La chica de enfrente, por Marcelo Crisafio










Por Marcelo Crisafio

Me enamoré de ella una madrugada de verano. Salió en ropa interior a su balcón y regó las plantas. 
Un gato blanco se le enredaba entre las piernas y una leve brisa movía su cabellera negra. Si fuera una película la escena habría tenido música de violines y si la peli fuera yanqui la habrían filmado en cámara lenta con un primer plano de la gota de sudor que se escurría por su cuello. Pero no. El movimiento era natural, nomás.
Yo la imaginaba con ojos verdes y comprobé mi intuición unos meses después cuando me la crucé de cerca.

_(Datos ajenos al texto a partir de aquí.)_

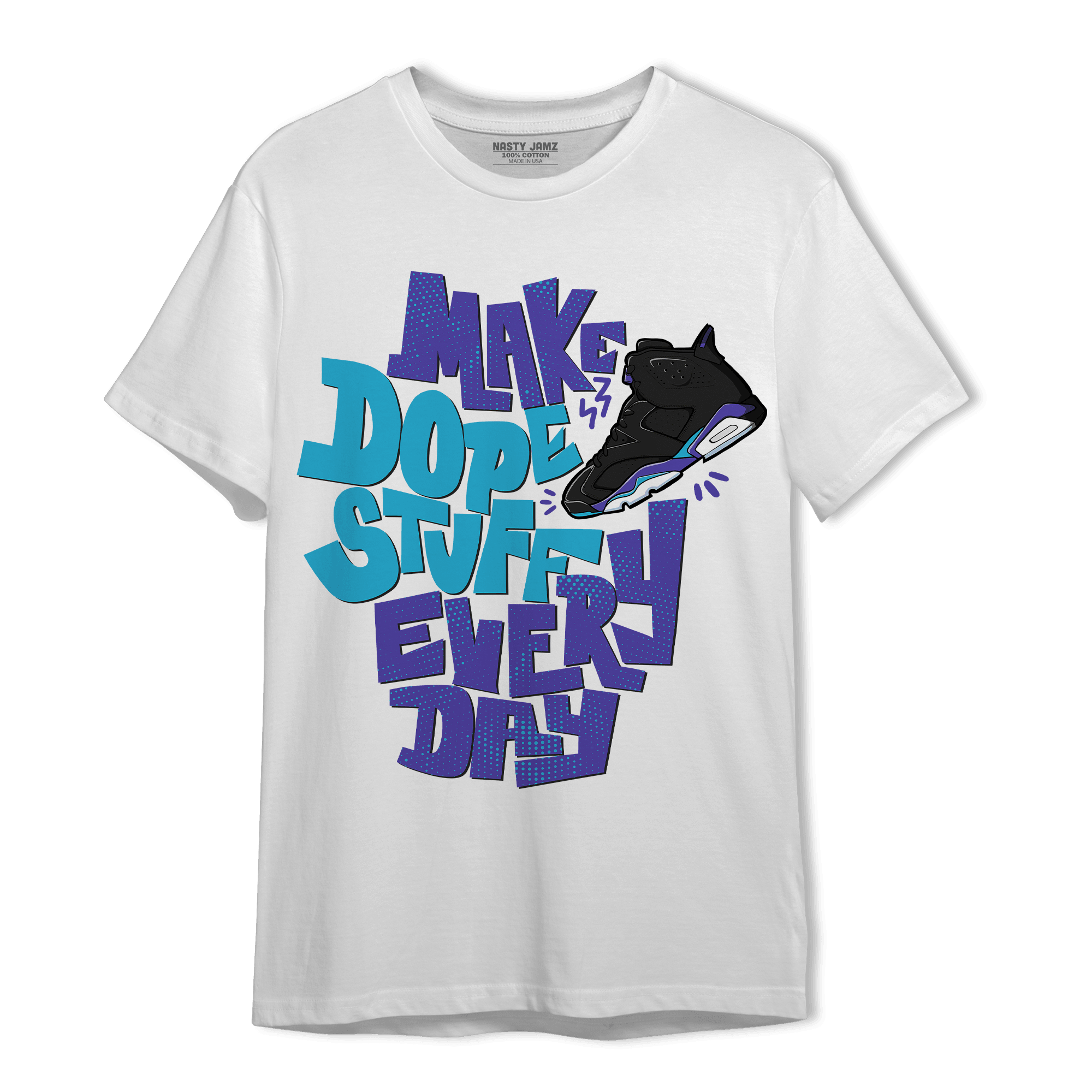 Aqua 6s T Shirt Match Dope Sneaker - NastyJamz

Sin embargo esa primera vez no fue su figura -que por cierto era hermosa- sino su femineidad lo que me cautivó. Sus movimientos denotaban el amor que tenía por las plantitas y por el gatito al que mecía como un bebé.
Luego de acariciarlo y besarlo con ternura se apoyó en la baranda. Puso la pera entre las palmas de sus manos y se formó como una delta griega. Sus pechos se le acurrucaron entre los brazos que eran un espectáculo. Yo vivía en el edificio de enfrente y la ventana de mi habitación estaba a la misma altura. 
Durante las siguientes semanas me tomé la costumbre de apagar la luz y esperar que saliera. Lo hacía o muy temprano o muy tarde, siempre en bombacha y corpiño, siempre con el gato y siempre a regar las plantas. Pero se quedaba un ratito desperezándose y se notaba que le encantaba sentir el fresquito en su cuerpo. 
A veces se quedaba muy quieta, mirando hacia donde yo estaba, en la posición de delta griega. Era imposible que me viera con la luz apagada y detrás de la cortina pero me estremecía de sólo pensar que tendría pudor de salir si supiera que alguien la vigilaba. Era probable que en esos momentos estuviera con los ojos cerrados, disfrutando del silencio del barrio a esa hora, concentrándose en el vientito, relajándose después del trabajo. Era lo que yo haría si tuviera balcón. 
Para lograr una mayor comunión de espíritu yo agarraba a mi gata así como hacía ella, pero la mía, más arisca, se me escapaba de los brazos enseguida. Con el tiempo empecé a hacer abstracciones en mi mente. Le sacaba el corpiño y a veces también la bombachita o “hacia un zoom” en sus piernas -con mi imaginación, claro- y así deduje que esta chica debería hacer deportes (hockey o algo así); también vi que las caderas eran un poco anchas y que cuando fuera vieja sería medio culona. No importaba. Yo también para ese entonces tendría mis “rollitos” y otras cosas que vienen con el tiempo. Porque, claro, al cabo de tantas noches de vigilia mi fascinación era tal que ya daba por hecho que envejeceríamos viviendo bajo el mismo techo con los dos gatos que al cabo de los años serían otros dos. ¿Casarse, hijos? Podría ser si ella quería pero para mí con tenerla era suficiente. Así que para el otoño, cuando empezó a regar las plantas más temprano (y vestida), tenía que pasar al siguiente nivel. Los felinos hicieron de Celestina porque la primera vez que nos cruzamos y pudimos hablar fue en la sala de espera de la veterinaria. Le siguieron invitaciones a tomar mate en nuestros departamentos, luego café en bares y más tarde cenas en restaurantes; alguna salida al cine y hasta fuimos a un recital. Los besos, las caricias, hacer el amor apasionadamente, alguna que otra discusión y unos muy esporádicos llantitos por peleas tontas (celos generalmente), también. Es una historia de amor como tantas, muy linda y sin tragedias shakesperianas. Salvo para el pobre Roberto. ¡Si vieran la cara que puso cuando le dije que cancelara nuestro casamiento porque me había enamorado de la vecina de enfrente! 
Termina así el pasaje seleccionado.